**The task**
Reproduce the listing exactly and skip over any pictures.

**Data below**
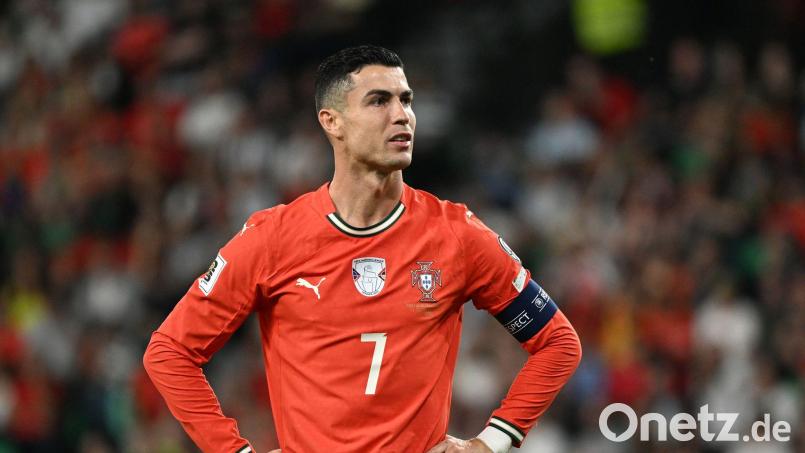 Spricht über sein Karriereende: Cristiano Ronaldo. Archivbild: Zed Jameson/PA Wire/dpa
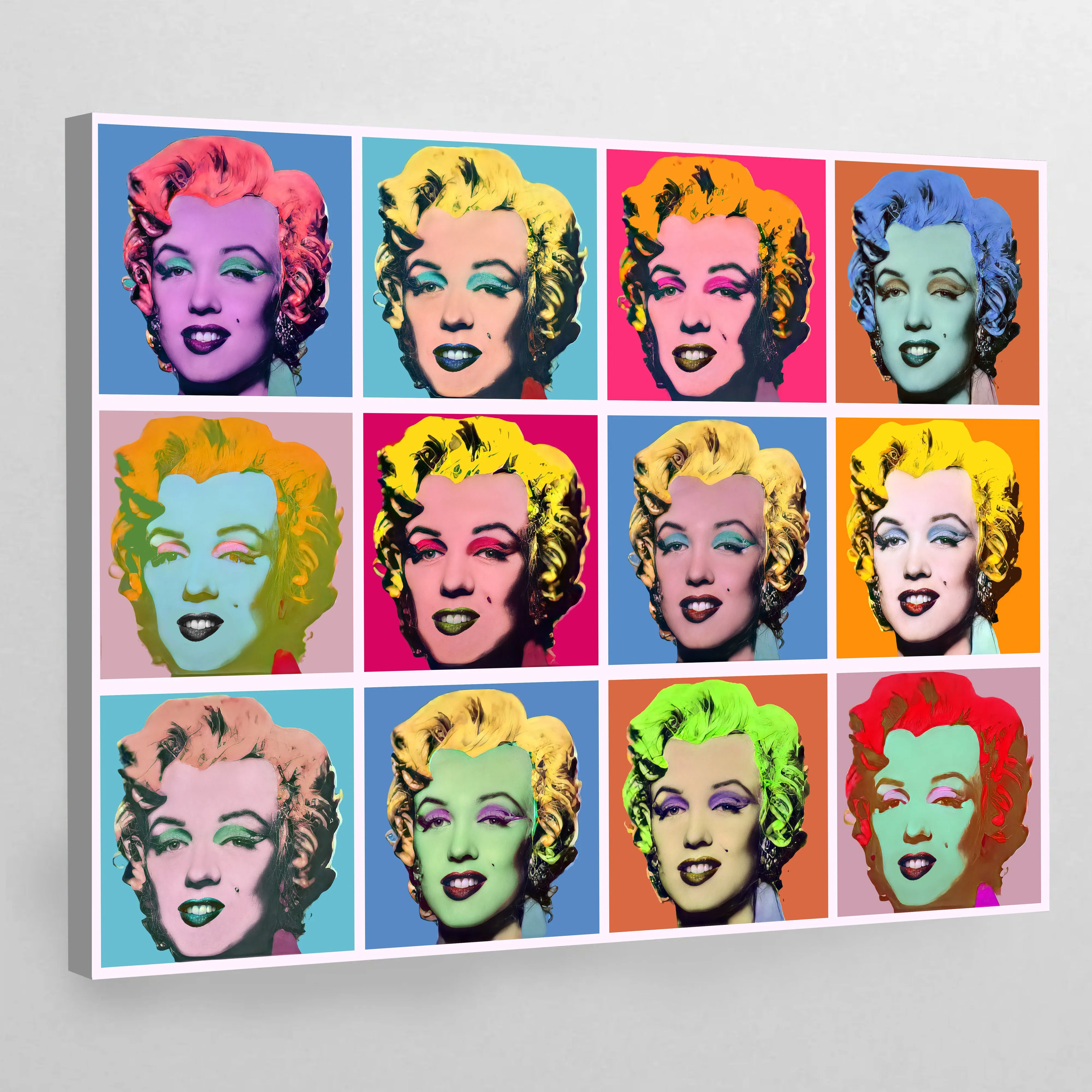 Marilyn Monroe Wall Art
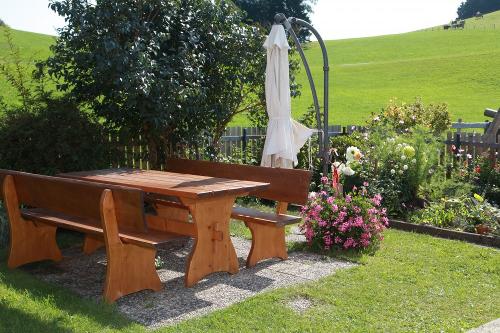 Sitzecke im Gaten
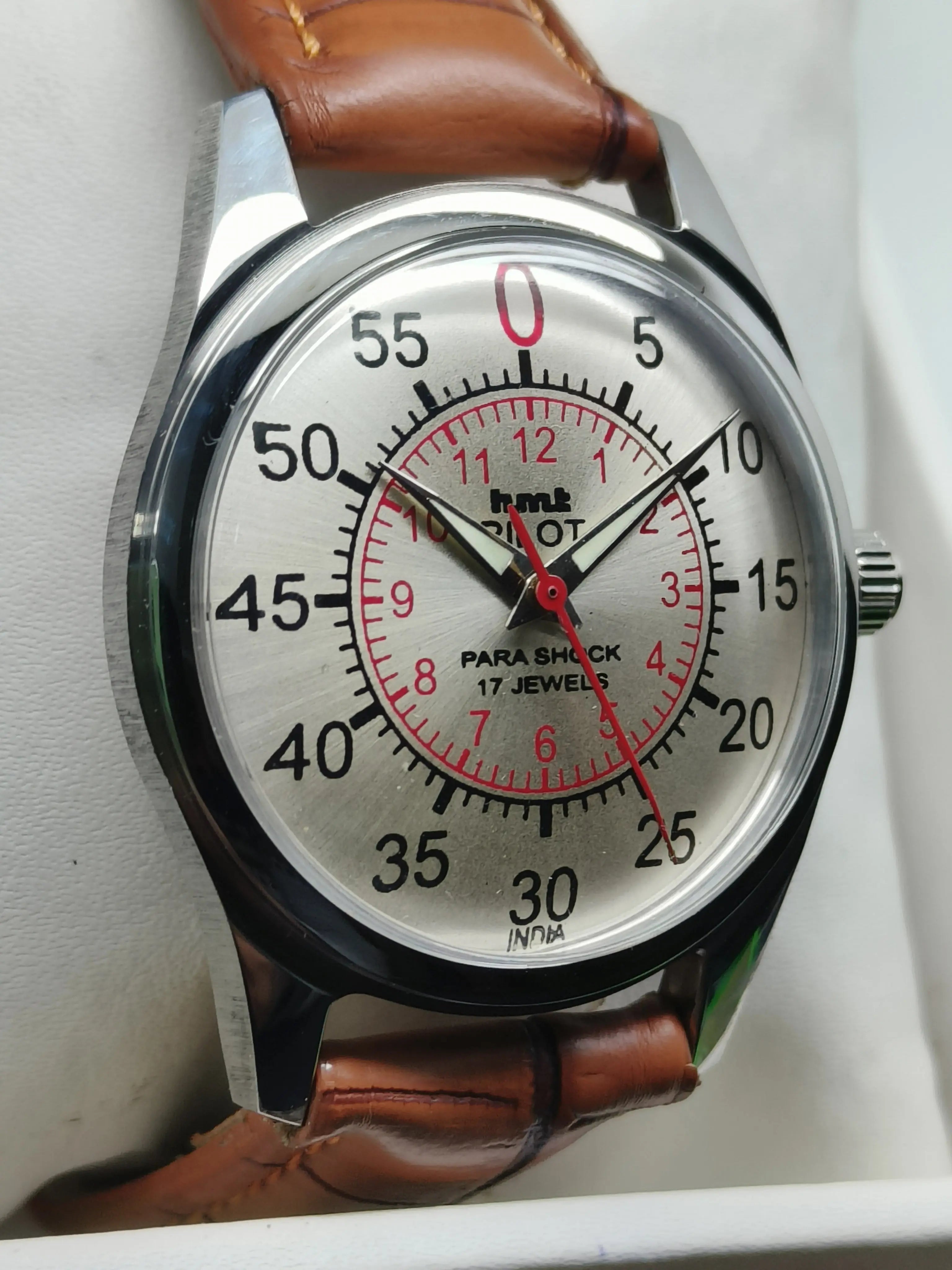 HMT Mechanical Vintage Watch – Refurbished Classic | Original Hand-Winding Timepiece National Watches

**Task solution**
 Spricht über sein Karriereende: Cristiano Ronaldo. Archivbild: Zed Jameson/PA Wire/dpa
 Marilyn Monroe Wall Art
 Sitzecke im Gaten
 HMT Mechanical Vintage Watch – Refurbished Classic | Original Hand-Winding Timepiece National Watches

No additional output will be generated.